It’s close to ironic that the most insightful coming-of-age film in decades comes from a man in his seventies. Andre Techine’s “Being 17” is also his best film since 1997’s “Wild Reeds” and it tells the story of an awakening between a pair of gay French teens.
Being 17 is a confusing enough time, emotions collide inside a person in new and confusing ways almost daily. Techine is an experienced director with what turns out to be a very clear memory of what it’s like to be just short of adulthood. Co-written with Celine Sciamma, “Being 17” is also a film about romance.
Damien (Kacey Mottet Klein), a young adult filled with self-doubt and angular features, is interested in his classmate, Thomas (Corentin Fila).
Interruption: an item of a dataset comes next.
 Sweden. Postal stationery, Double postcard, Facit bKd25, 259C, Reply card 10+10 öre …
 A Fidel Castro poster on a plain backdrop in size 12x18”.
Thomas is the adopted bi-racial son of a farming couple with fertility issues. The pair’s first interaction borders on hostile: Thomas feels uncomfortable with Damien’s fashion sense and lingering stares. So, Thomas trips him in class and later gives him a rather aggressive shove.
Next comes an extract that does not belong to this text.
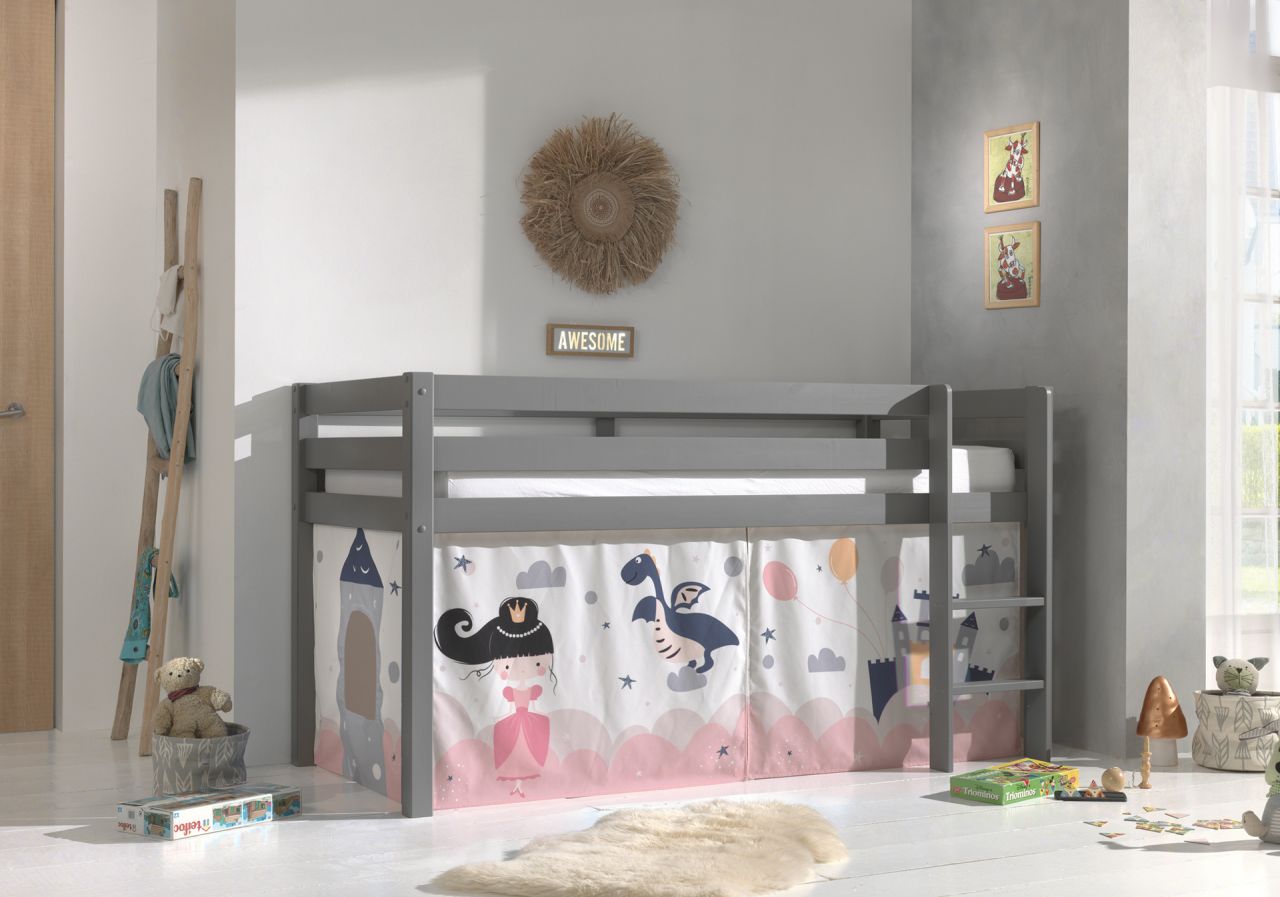 Vipack:'Pino' Halbhohes Bett mit Textilset 'Princess Sophie'-Grau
Things get complicated when Damien’s mother, Marianne (played by the well-cast Sandrine Kiberlain), pays a house call to Thomas’ parents’ home, which is in the middle of nowhere at the top of the Pyrenees. Realizing the arduous journey, Damien’s mother offers to let Thomas stay with them in town. Marianne is most-likely oblivious to the fact that she is putting the match to a powder keg of raging hormones, unexplored sexuality and awakened realities with her offer. Or perhaps she does know and only wants her son to be happy? Or, since her husband is deployed in the military, maybe Marianne is interested in the aspiring veterinarian. After all, everyone is looking for love.
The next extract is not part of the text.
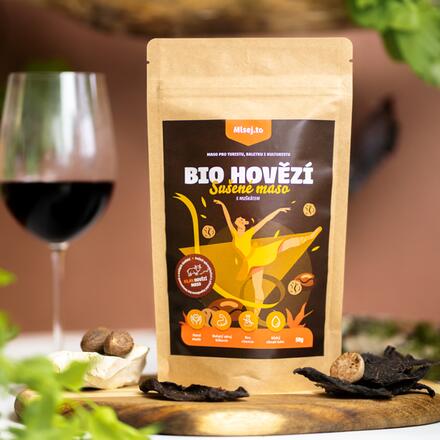 BIO hovězí sušené maso víno a muškát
There are plenty of common emotions in the coming-of-age romantic drama that should help it reach a larger audience than many of its predecessors. I was a fan of “Billy’s Hollywood Screen Kiss” with Sean Hayes as Billy, the struggling young photographer who has grown tired of being the odd man out in the relationship world. Billy was released in 1998 and the world has changed in those eighteen years. In some ways, the world is a more open and accepting place, in many ways it is not. “A Single Man” from 2009 featured Colin Firth as an English professor coping with the death of his boyfriend. In each of those previous films, universal truths came through via specific individuals who happened to be gay and the films were both excellent. “Being 17” – opening Friday, Dec 2 at Ken Cinema – is full of youthful love and confusion. The fact that the couple involved is gay only adds to the depth and drama.